By the end of this video, you should have a sense of how pathogen diversity accumulates during an infection, and how this diversity can be passed on, providing a signal of infection and transmission within a pathogen genome sequence.
- Mutations can be deleterious, neutral, or beneficial.
- Within-host pathogen diversity is derived when pathogens make errors during replication, making many progeny with slightly different genome sequences.
- The frequency of all of these different lineages changes over the course of the individual’s infection. Some lineages might be purged from the population (e.g. when the mutation(s) they carry are lethal or deleterious), some lineages might remain at roughly the same frequency, and some lineages might rise in frequency, either through chance or because the mutation(s) they carry confer a benefit to the virus.
- At the time of a transmission event, the within-host diversity of the donor is sampled and transmitted to initiate the infection in the recipient.

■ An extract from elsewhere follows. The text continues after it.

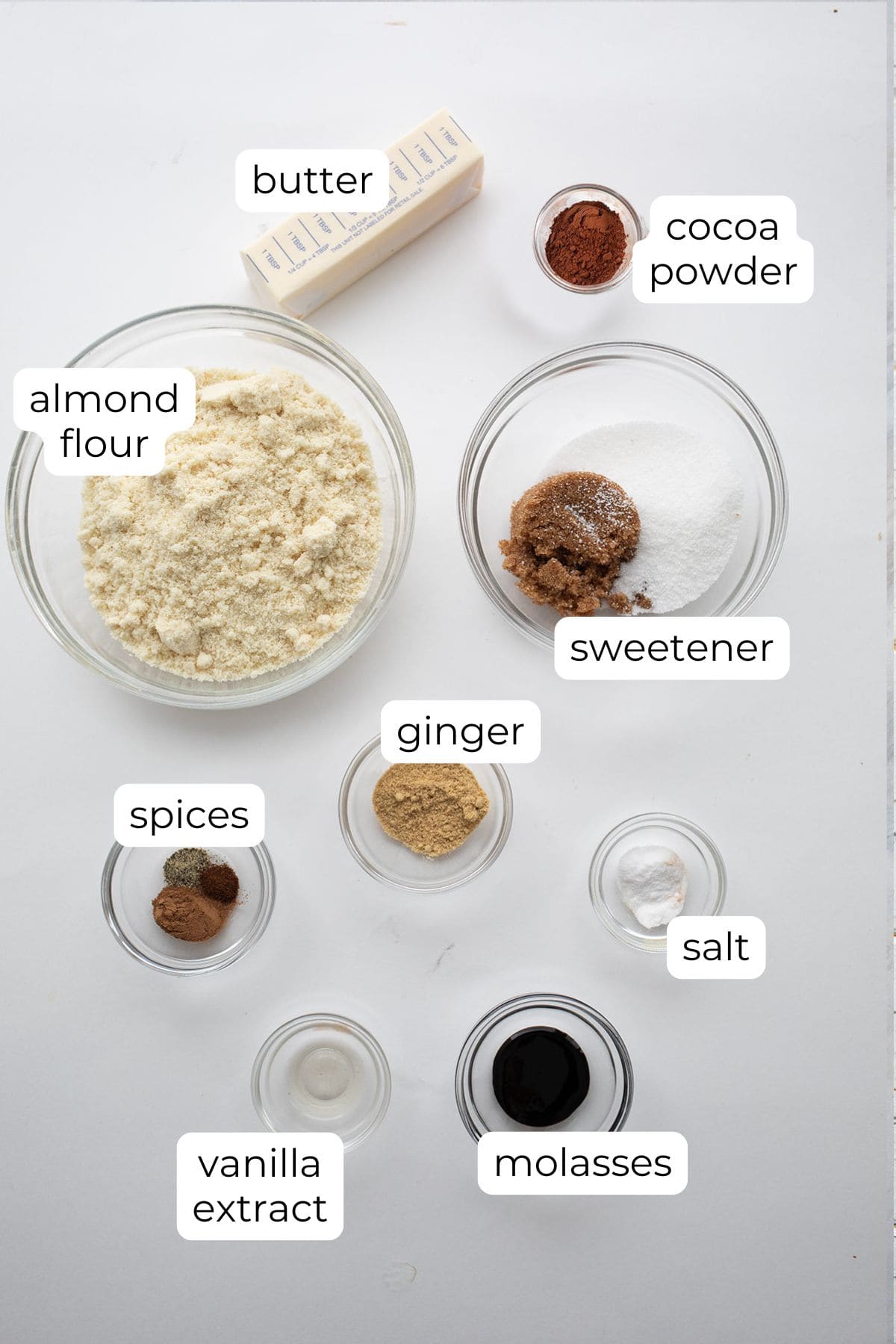 Top down image of ingredients for Keto Gingersnap Cookies.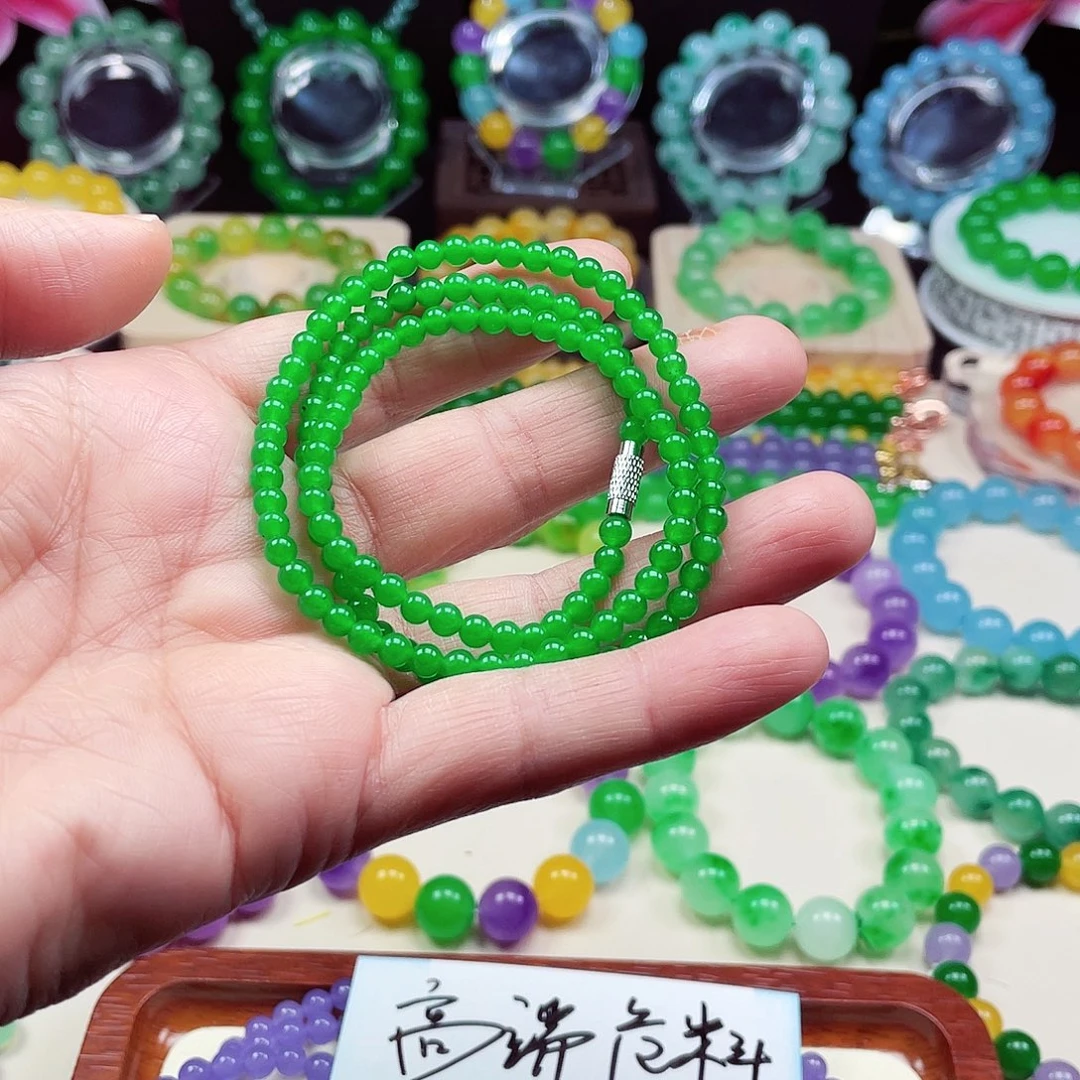 翡翠未镶嵌颈饰卡4.5翡翠珠链男女款03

- When we sequence a clinical sample collected from an infected individual, we most commonly generate a consensus genome sequence. The consensus genome is a summary that describes which nucleotide was observed at the highest frequency in each site in the genome.
- Many of the mutations that have naturally occurred during the viral replication process will be present at such low frequency within an infection that they would be hard to distinguish from PCR errors or sequencing errors. This means that much of the within-host variation (changes to the genome sequence that occurs in nature) will not be observed in consensus genomes (your data).
- This means that even though mutations are always occurring over the course of an individual’s infection, we may not actually see a change in the consensus genome that summarizes two linked infections.
- The rate at which we observe substitutions varies depending on the pathogen’s mutation rate and also external forces such as the strength of selection or the density and frequency of sampling.
- We discussed that the consensus genome represents a summary of the most frequently observed nucleotides at each site in the sequence. Take a look at the figure below, which shows multiple sequencing reads mapped to a reference genome. Given the observed sequencing reads, what would the consensus genome sequence be?
2. You observe two genome sequences that are genetically diverged from each other. Do you think these sequences were sampled from cases that are epidemiologically-linked? Why or why not?
3. You observe two genome sequences that have identical sequences. Can you be sure that these viruses were sampled from a direct infection pair (one case directly infected the other case)?